Seeing the development in bi/multilingual education from a glocal perspective may also help us build a better understanding of how language-based discrimination intersects with other forms of discrimination. As many authors in this issue reminded us, colonialism and imperialism remain a continuing reality. To a large degree, the fight for bi/multilingual education we are still waging today is part of lingering cultural imperialism and colonial legacies that we must reckon with in order to create a just and equitable future. Since language influences the way we see and interpret the world, it is our duty as teachers to expose language ideologies and reinstate classroom instruction as a site of struggle and weapon for social change.

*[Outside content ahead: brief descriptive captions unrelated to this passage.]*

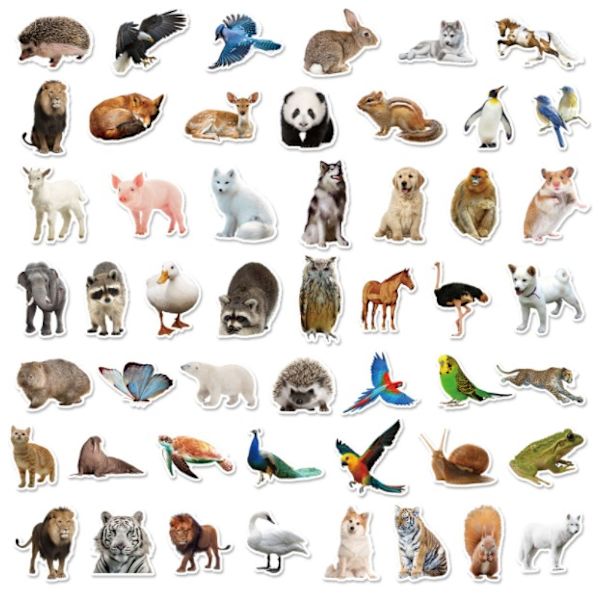 50 realistista eläintarraa Eläinten graffititarrat Toistumattomat vedenpitävät autotarrat Uudet (BP-0000378 Zoo Series 50 Pieces),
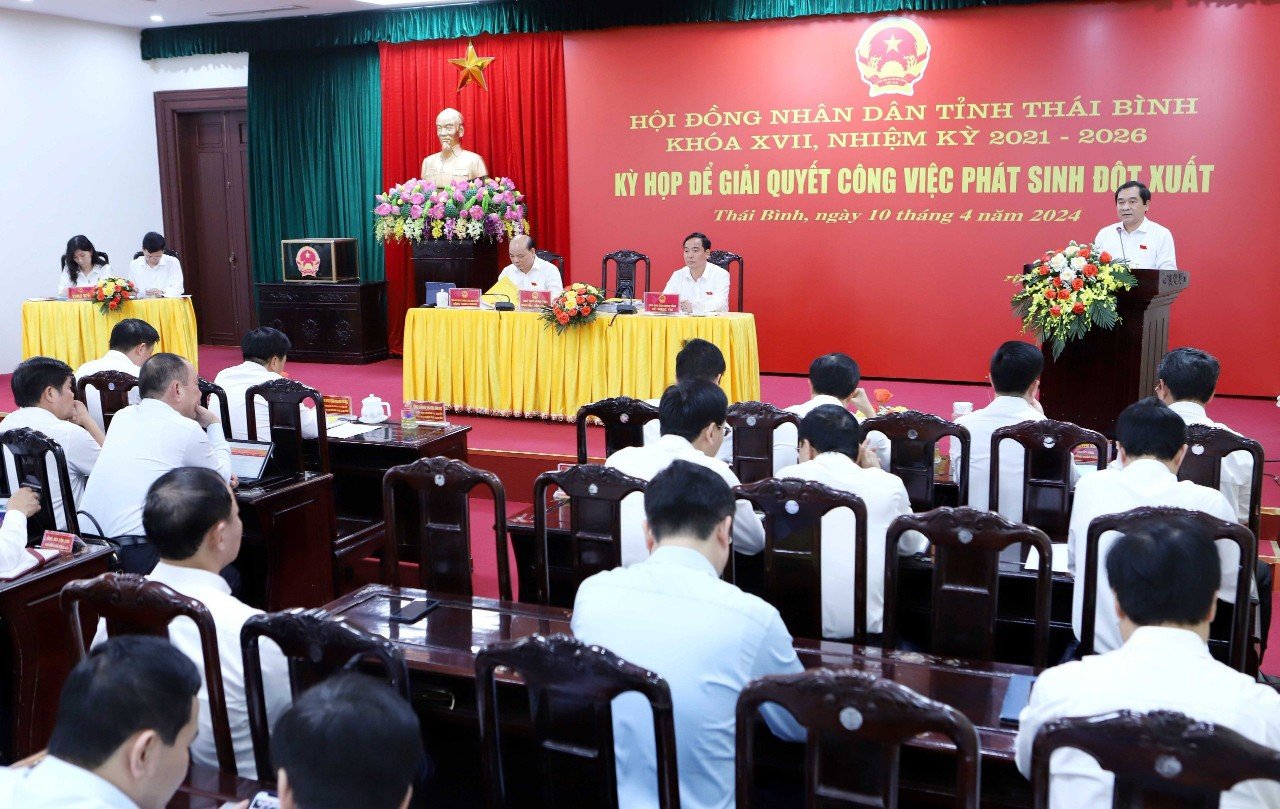 HĐND tỉnh Thái Bình bãi nhiệm chức danh Hội thẩm nhân dân tỉnh với 1 nữ cán bộ- Ảnh 1.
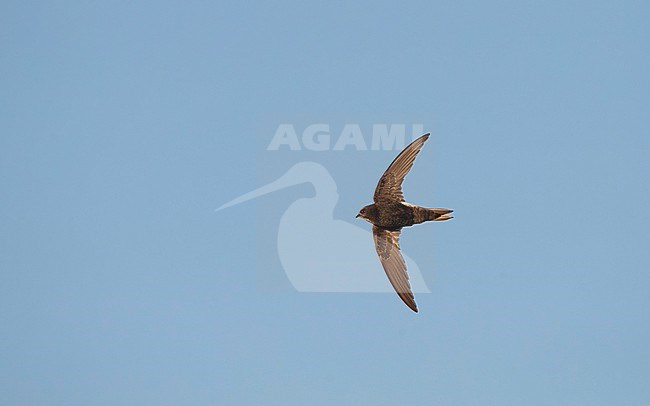 Hybrid Little x White-rumped Swift (Apus affinis x caffer) in flight at Little Swift colony in harbour of Chipiona, Andalusia, Spain stock-image by Agami/Helge Sorensen,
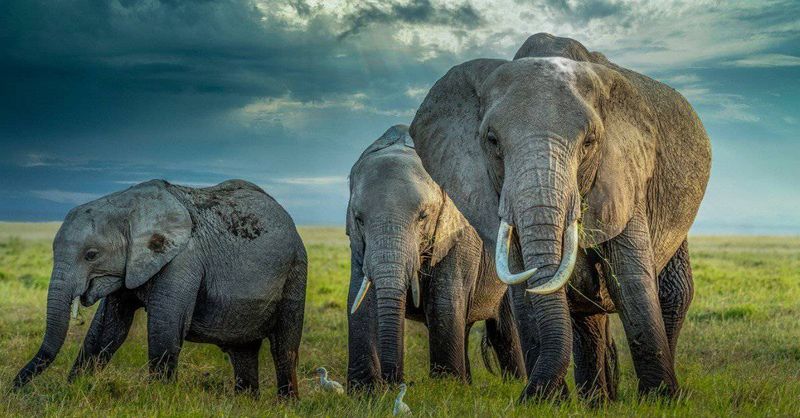 Elephants: Wise Land Giants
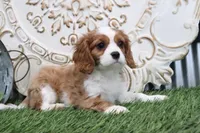 Pebbles, a male Cavalier King Charles Spaniel for sale in Charm, OH – Photo 3 of 5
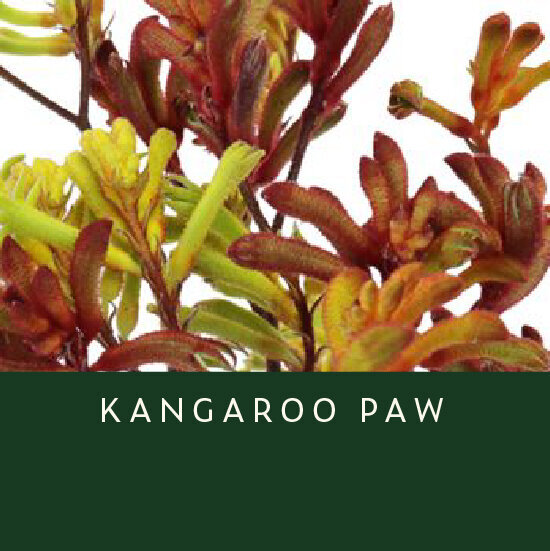Kangaroo-Paw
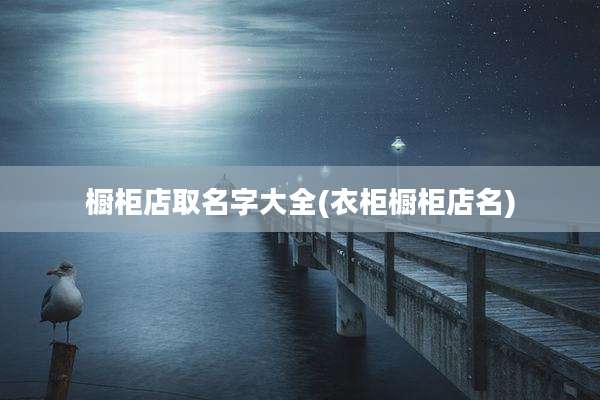 橱柜店取名字大全(衣柜橱柜店名)
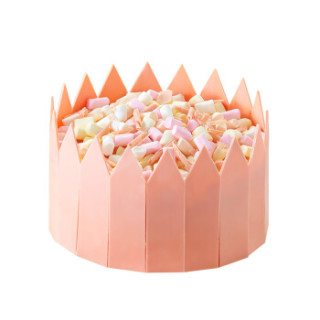 诺心lecake公主蛋糕24人食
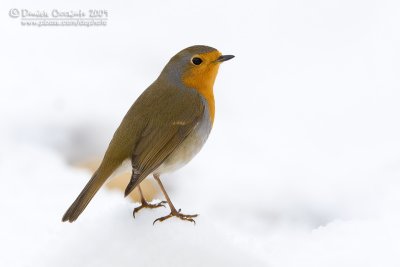 European Robin (Erithacus rubecula)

I would like to thank all the participating authors for their excellent contributions to a more nuanced understanding of the recurrent challenges in the development of bi/multilingual education. I would also like to invite each of you to step into conversations about the related topics with us in a collective effort to move toward institutional change.

Last but not least, I would like to take this opportunity to express my sincerest appreciation for the whole ensemble of the B-MEIS leadership team whose unselfish acts and dedication inspired and continue to inspire me:

Chair-Elect: Clara Bauler

Past Chair: Alsu Gilmetdinova

Editors: Kirti Kapur, Matthew Nall and Islam M. Farag

Community Managers: Janie Thomas and Sunyung Song

Member-at-Large: Xin Chen and Zhongfeng Tian

Historians: Shuzhan Li and Laura Liu

Sincerely,

Ching-Ching Lin

Chair, B-MEIS (2020–2021)


Ching-Ching Lin (林菁菁), EdD, is a Taiwanese native and currently a TESOL and bilingual education educator at Touro College. She obtained her doctoral degree in pedagogy and philosophy from Montclair State University. Ching-Ching has published manuscripts on various SLA topics. She is the coeditor and a contributing author of two edited volumes, including Internationalization in Action: Leveraging Diversity and Inclusion in the Globalized Classroom (Peter Lang Publishing). Her research interests mainly focus on engaging diversity as a strategic action plan for change.